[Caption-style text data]
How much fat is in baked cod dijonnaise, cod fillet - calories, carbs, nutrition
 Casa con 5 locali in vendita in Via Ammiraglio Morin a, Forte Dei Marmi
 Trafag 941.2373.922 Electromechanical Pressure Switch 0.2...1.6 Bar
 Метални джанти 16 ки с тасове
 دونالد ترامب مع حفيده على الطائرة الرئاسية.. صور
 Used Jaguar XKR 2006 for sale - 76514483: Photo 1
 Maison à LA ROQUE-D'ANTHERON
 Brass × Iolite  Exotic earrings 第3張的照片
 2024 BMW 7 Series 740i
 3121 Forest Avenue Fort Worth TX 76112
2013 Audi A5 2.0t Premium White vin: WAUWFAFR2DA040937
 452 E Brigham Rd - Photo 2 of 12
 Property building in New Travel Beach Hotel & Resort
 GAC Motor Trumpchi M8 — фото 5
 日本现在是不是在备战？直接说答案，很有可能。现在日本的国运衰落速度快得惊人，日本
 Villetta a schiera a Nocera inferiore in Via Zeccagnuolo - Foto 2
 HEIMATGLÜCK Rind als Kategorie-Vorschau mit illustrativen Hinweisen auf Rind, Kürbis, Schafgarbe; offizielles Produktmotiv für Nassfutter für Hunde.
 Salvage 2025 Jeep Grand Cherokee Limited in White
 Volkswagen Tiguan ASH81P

What to produce ▸
Given the records above, restate word for word only the lines starting at the one with "2013 Audi A5" and ending at the one with "Villetta a schiera".

Answer space ▸
2013 Audi A5 2.0t Premium White vin: WAUWFAFR2DA040937
 452 E Brigham Rd - Photo 2 of 12
 Property building in New Travel Beach Hotel & Resort
 GAC Motor Trumpchi M8 — фото 5
 日本现在是不是在备战？直接说答案，很有可能。现在日本的国运衰落速度快得惊人，日本
 Villetta a schiera a Nocera inferiore in Via Zeccagnuolo - Foto 2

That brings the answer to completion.